Wyoming Catholic College is not the first institution of higher learning to refuse federal funding on ideological grounds.
Hillsdale College in Michigan, the first American college to prohibit in its charter discrimination based on race, religion or sex, had a similar experience in the 1970s regarding affirmative action.
Because some of its students were receiving federal funds, the Department of Health, Education and Welfare demanded that Hillsdale count its students by race, which the college asserted was against its charter.
Following two resolutions and nearly a decade of litigation, the U.S. Supreme Court ruled against Hillsdale in 1984. By the time the decision was handed down, the independent liberal arts college had announced that rather with comply with regulations contradictory to its history and identity, it would instruct its students that they could no longer use federal grants and loans at the college.
Christendom College, a Catholic school in Virginia, opted out of federal funds in the 1980s for reasons similar to those of Wyoming Catholic College.
Thomas McFadden, Christendom’s vice president for enrollment and marketing, said in a recent interview: “We wanted to be free from any entanglement from the federal government, so we could be free to be catholic fully, to teach as the Catholic Church teaches.”
“The reasons for our decision … are a lot more similar to all of those places than others who are participating (in Title IV),” Roberts told CNS, “Our particular decision at this moment is practically identical to Christendom’s.”
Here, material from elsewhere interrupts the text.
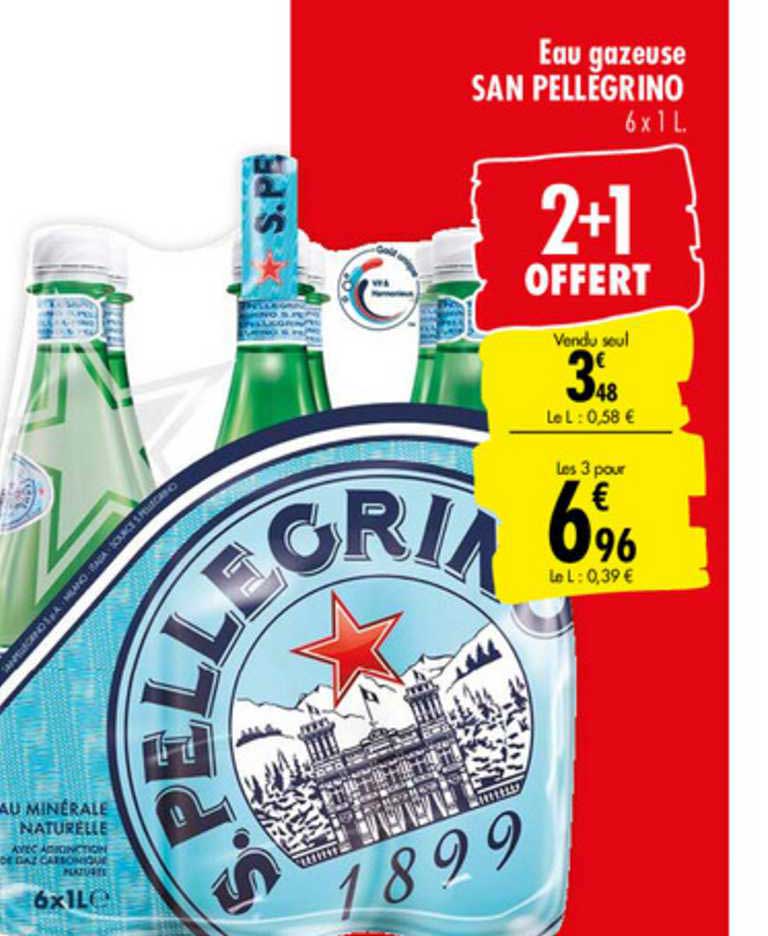 eau gazeuse san pellegrino 2+1 offert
As an alternative to receiving federal aid, Wyoming Catholic College will continue to offer financial aid packages through various pre-existing scholarships, grants and student loans to be funded internally through the college’s St. Thomas More Fund.
When asked about the decision to name the fund after St. Thomas More, Roberts responded, “There are two reasons for that. One is a very strong personal devotion to St. Thomas More, as the patron of statesmen.
“The other is that we as an institution pride ourselves on forming students who are knowledgeable about the faith as well as in secular matters, and who have the skills … to articulate the faith in the public square. So, St. Thomas More is someone who, here, is always close in our prayers.”
“As faithful, joyful Catholics,” he added, “we (the college) would want, as patron of this effort, an example of someone who was not only faithful, but kept good cheer through the lowest of moments that any of us could expect.”